Gold Fields, which has mines in Australia, Ghana and Peru, has invested R32bn in South Deep and has struggled to make it a sustainably profitable operation since taking ownership in 2006.
The latest news in Gold Fields’ September quarterly production update made for grim reading as South Deep’s production target for the year was lowered to 154,600oz, basically half of what management had expected at the start of the year when it guided the market to 321,000oz.
South Deep produced 49,500oz of gold for the September quarter, little changed from the June quarter, while all-in costs, which include development capital, shot up to R804,998/kg from R755,930/kg, making the mine deeply unprofitable.

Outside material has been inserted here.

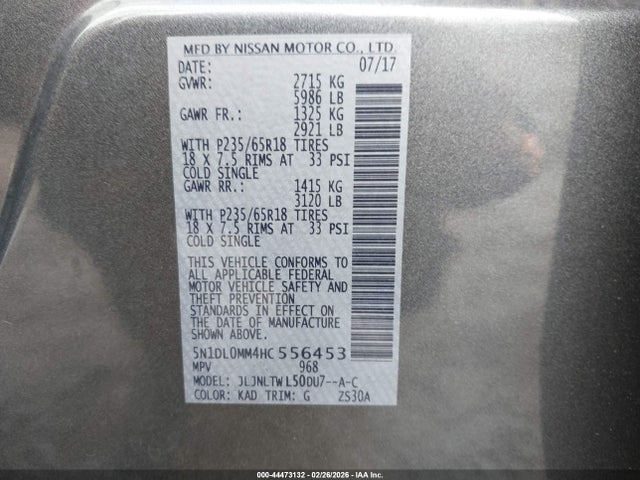 44473132 :رقم المزاد ، 5N1DL0MM4HC556453 vin ، 2017 Infiniti Qx60 مزاد بيع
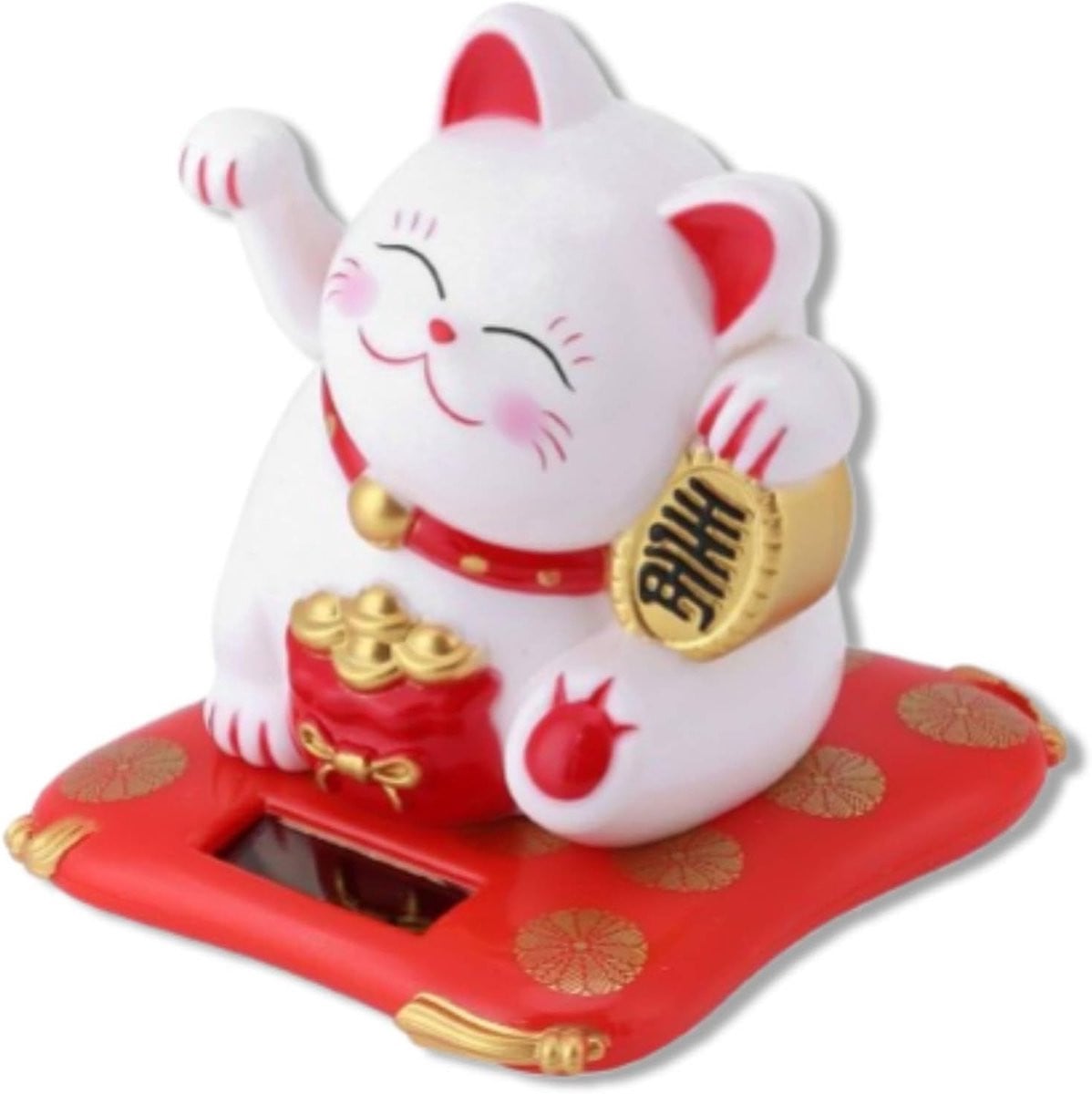 Gelukkige Waving Cat Maneki Neko met Zonne-energie - Kleine Gelukskat voor Thuisdecoratie en Auto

The reason for the blowout in costs was because of the lower number of ounces sold, higher operating costs and increased levels of sustaining capital, Gold Fields CEO Nick Holland said.
Gold Fields is in the process of laying off 1,102 employees and 460 contractors at South Deep. The National Union of Mineworkers (NUM) has embarked on a protected strike, which the company says has been marked by violence and acts of intimidation.
South Deep is one of the core areas of focus for investors and analysts because of the enormous amount of money spent at the mine, the missed production targets, and running losses as management grappled to ramp the mine up to steady state output and achieve either breakeven or profitable status.
As a result of the downward revision of South Deep’s full-year production, which was offset by the inclusion of gold production from the new investment in Asanko Gold in Ghana since July, Gold Fields pegged its full-year output at 2-million ounces.
Gold Fields had started the year advising the market to expect up to 2.1-million ounces of gold for 2018.
Elsewhere in the portfolio there was better news, with the redevelopment work at the Damang open pit mine in Ghana ahead of target, with the mine delivering 51,000oz of gold in the September quarter, putting it on track to achieve its full-year guidance of 160,000oz.
The international mines, including the 45% stake in Asanko which will deliver 45,000oz, will generate 1.85-million ounces of gold for the year, up from an earlier steer of 1.75-million ounces.